The Political Communities in World History core module challenges students to understand political history through its most important concepts, such as states, power, identity, and conflict. Taught by means of two lectures and one discussion group a week, the module proceeds on a broad chronological basis, introducing students to some crucial structures in the history of political formations – from the complex early states of medieval Europe to the persistence of monarchy across the modern world – and to moments of decisive change in the form of rebellions, revolutions, and wars.

Module will run

Occurrence Teaching period
A Semester 1 2023-24

Module aims

The aims of this module are:

  • To help students understand a broad sweep of political history over the past 1500 years;
  • To encourage students to explore a wide range of chronologies and approaches to political history, both Western and non-Western, across time and place;
  • To familiarize students with the ways in which historians understand political developments in past societies;
  • To introduce students to many of the different areas of study available to them in Stages 2 and 3.

Module learning outcomes

Students who complete this module successfully will have:

  • Acquired a broad knowledge of, and some of the scholarship relating to, political history in Western and non-Western societies;
  • Demonstrated an ability to analyse critically, and make connections between, focussed studies from across time and place;
  • Practised core skills necessary to a history degree, notably note-taking, critical analysis, and the ability to form arguments orally and in writing, through effective contributions to discussion group activities, essay-writing, and group work
  • Demonstrated understanding of, and the ability to construct arguments about, political changes and continuities.

Module content

Students will attend a 1-hour briefing in week 1, then two lectures and a 1-hour discussion group in each of weeks 2-4, 6-8 and 10-11. Weeks 5 & 9 are Reading and Writing Weeks (RAW). Students prepare for and participate in sixteen lectures and eight discussion groups in all.
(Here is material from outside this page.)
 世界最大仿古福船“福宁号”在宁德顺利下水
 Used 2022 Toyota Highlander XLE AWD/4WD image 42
Lecture and discussion group topics are subject to variation, but are likely to include the following:

Block 1. Cities, kingdoms, and empires

Lectures:
Political Organization in the Medieval World
Political Organization in the Early Modern World
The Age of Revolutions?
Power in the Modern City

Discussion groups:
What made the state different from other forms of political organisation?
How has “the political” been defined?

Block 2. Power and legitimacy

Lectures:
Political Ideals in the Medieval World
Kingship and Government in the Early-Modern World
Encountering the Nation State
Democracy and Authoritarianism

Discussion groups:
How has power been legitimized?
How should states interact with each other?

Block 3. Nations, communities and identities

Lectures:
Political Identities in the medieval world
Political identities in the early modern world
The birth of mass nationalism
Community beyond the nation

Discussion groups;
How have race, ethnicity, and religion become political identities?
How useful is "nationality" as a category of historical analysis?
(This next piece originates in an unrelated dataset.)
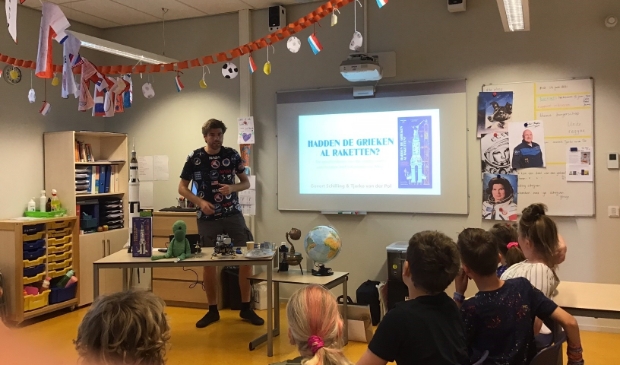 Tjarko van der Pol op bezoek bij de Hoge Weerdschool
Block 4. Conflict and change

Lectures:
Lecture 1: Conflict and change in the medieval world
Lecture 2: Rebellion and revolution in the early modern world
Lecture 3: Revolutions and turning-points
Lecture 4: War and the modern public

Discussion groups:
What counts as a war?
Revolutions and continuities

Indicative assessment

Task % of module mark
Online Exam -less than 24hrs (Centrally scheduled) 100

Special assessment rules

None

Additional assessment information

For formative assessment work, students will produce a 1500-word essay in week 9.
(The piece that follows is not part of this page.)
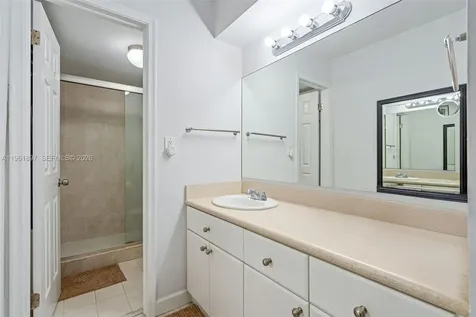 2016 Bay Drive Miami Beach FL 33141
For summative assessment, students will complete an Open Exam in the assessment period.

Indicative reassessment

Task % of module mark
Online Exam -less than 24hrs (Centrally scheduled) 100

Module feedback

Following their formative assessment task, students will receive written feedback that will include comments and a mark within 10 working days of submission.

Work will be returned to students in their Discussion groups and may be supplemented by the tutor giving some oral feedback to the whole group. All students are encouraged, if they wish, to discuss the feedback on their procedural work during their lecturers’ student hours. For more information, see the Statement on Feedback.

For summative assessment tasks, students will receive their provisional mark and written feedback within 25 working days of the submission deadline. The lecturer will then be available during student hours for follow-up guidance if required. For more information, see the Statement of Assessment.

Indicative reading

For semester-time reading, please refer to the module VLE site. Before the course starts, we encourage you to look at the following items of preliminary reading:

  • Jane Burbank and Frederick Cooper, Empires in World History: Power and the Politics of Difference (Princeton: Princeton University Press, 2010).
  • Azar Gat, War in Human in Civilization (Oxford: Oxford University Press, 2006).



The information on this page is indicative of the module that is currently on offer. The University constantly explores ways to enhance and improve its degree programmes and therefore reserves the right to make variations to the content and method of delivery of modules, and to discontinue modules, if such action is reasonably considered to be necessary. In some instances it may be appropriate for the University to notify and consult with affected students about module changes in accordance with the University's policy on the Approval of Modifications to Existing Taught Programmes of Study.